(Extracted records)

=== Begin Enclosure ===

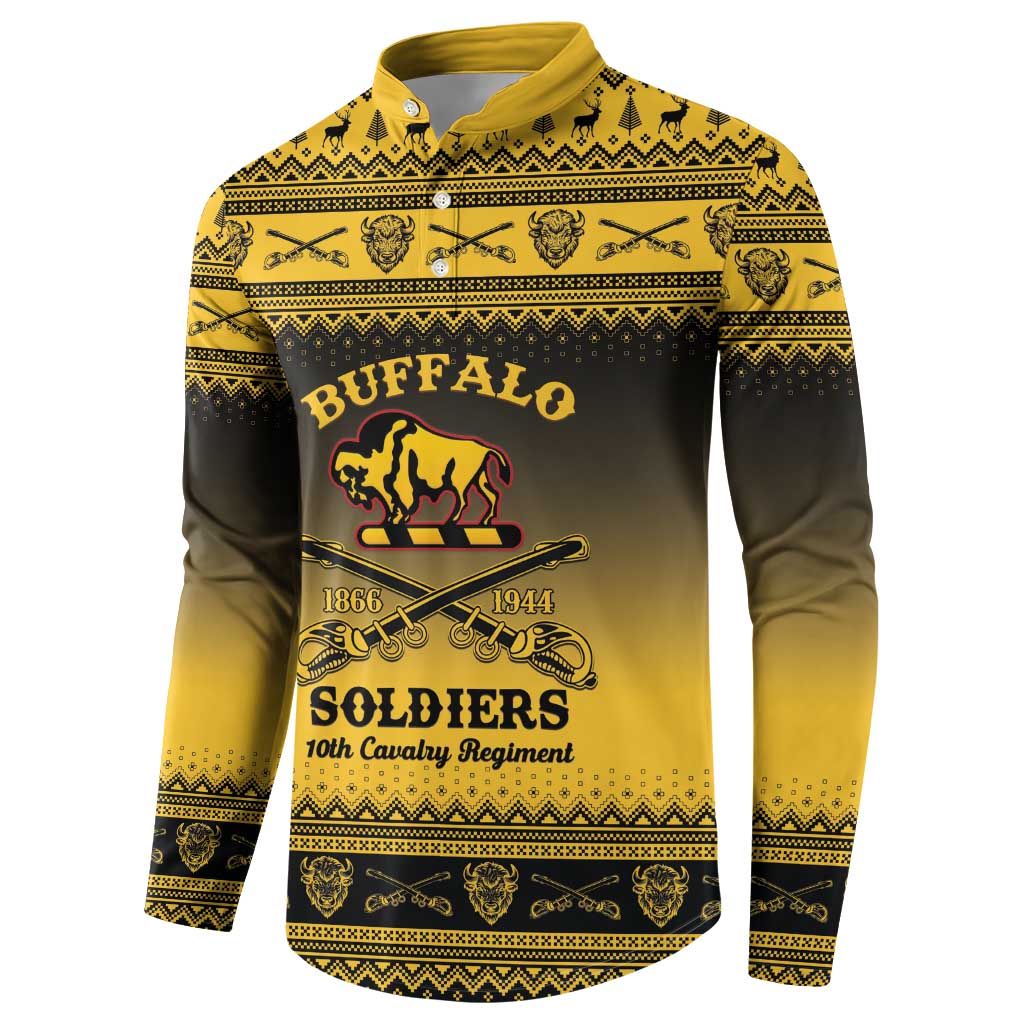 Buffalo Soldiers Christmas Button Sweatshirt 10th Cavalry Regiment - Wonder Print Shop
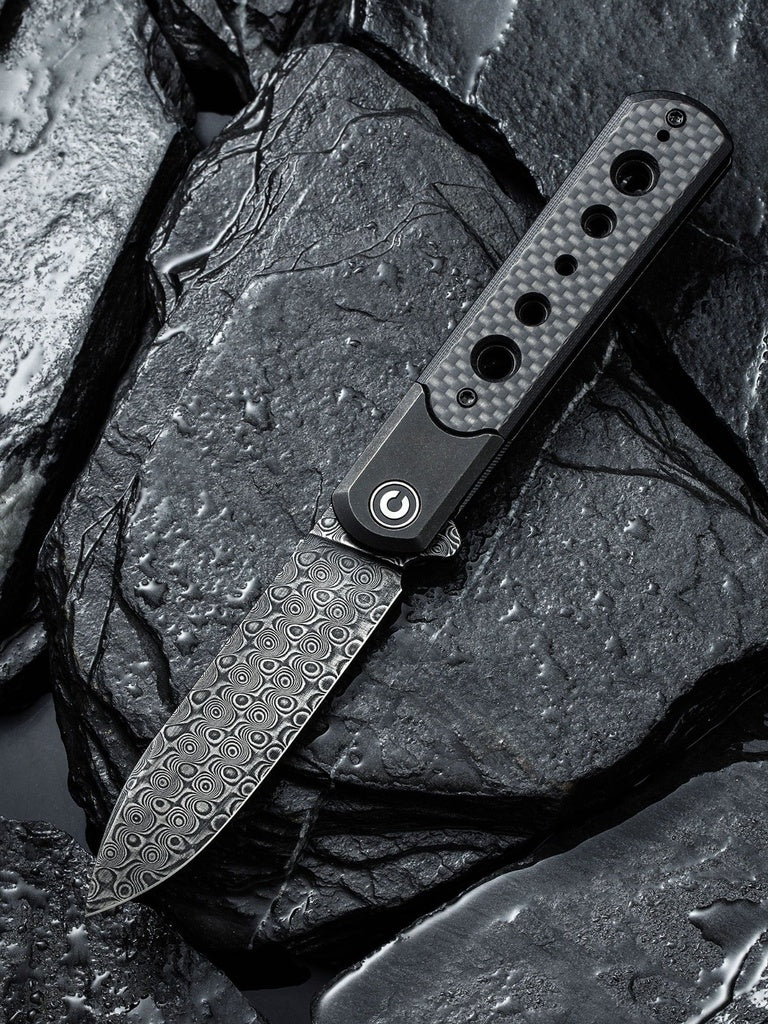 CIVIVI Banneret Framelock Damascus with Twill Carbon Fiber/G10 Handle #C20040DDS1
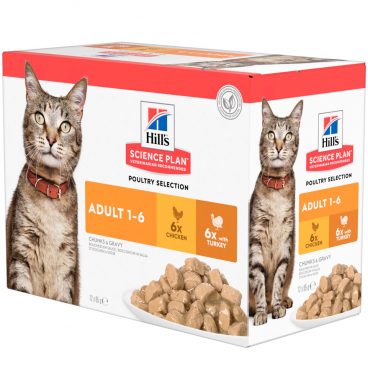 4x Hill's Science Plan Kattenvoer Adult Multipack Kip&Kalkoen 12 x 85 gr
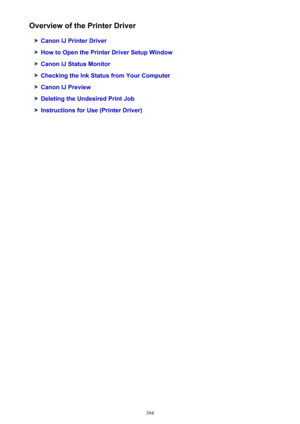 Page 394Overview of the Printer Driver
Canon IJ Printer Driver
How to Open the Printer Driver Setup Window
Canon IJ Status Monitor
Checking the Ink Status from Your Computer
Canon IJ Preview
Deleting the Undesired Print Job
Instructions for Use (Printer Driver)
394 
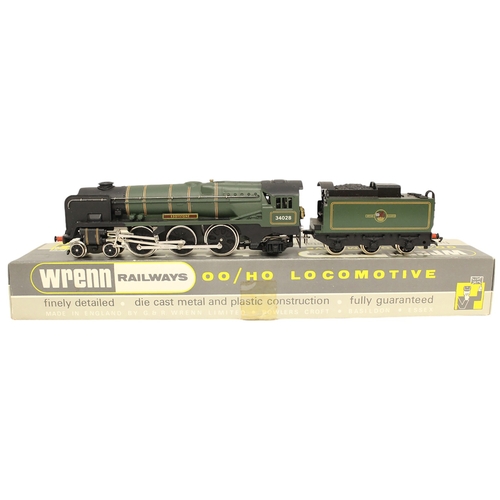 388 - Wrenn. OO gauge Rebuilt Bulleid Pacific Class 4-6-2 BR 34028 'Eddystone' green locomotive with tende... 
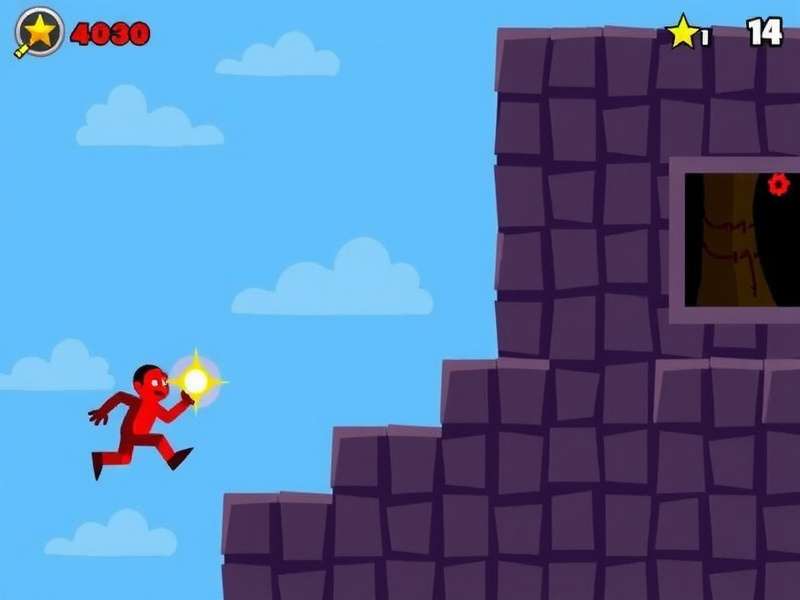 Stickman Hook character swinging through a challenging level with grapple hooks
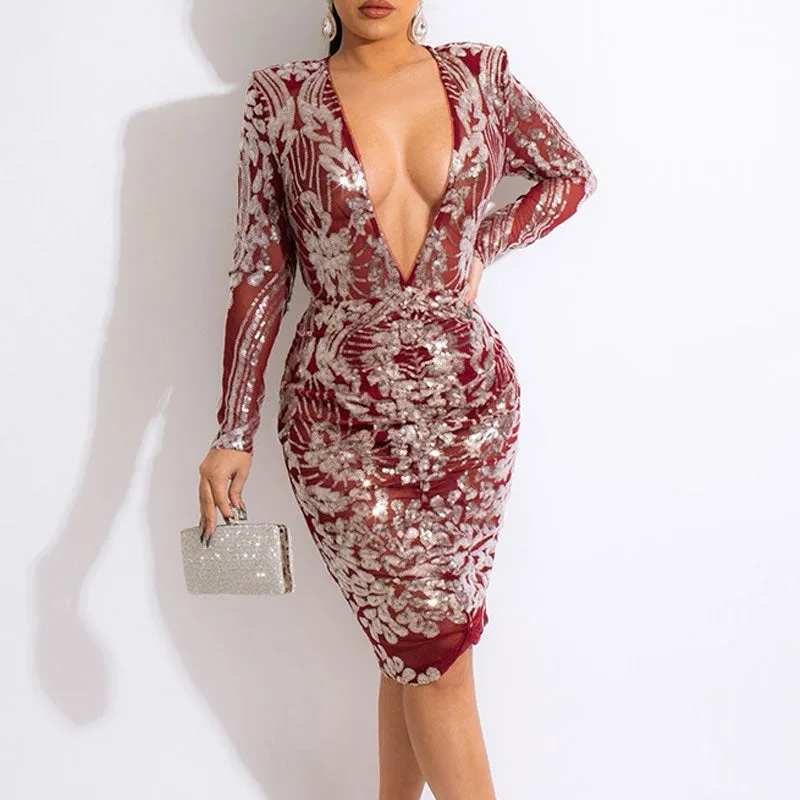 Sequins Deep V-Neck Long Sleeve Midi Dress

=== End Enclosure ===

**Requirement**:
Check each line of the entries above, and show every one holding the word "Canon".

**Answer box**:
Canon IJ Printer Driver
Canon IJ Status Monitor
Canon IJ Preview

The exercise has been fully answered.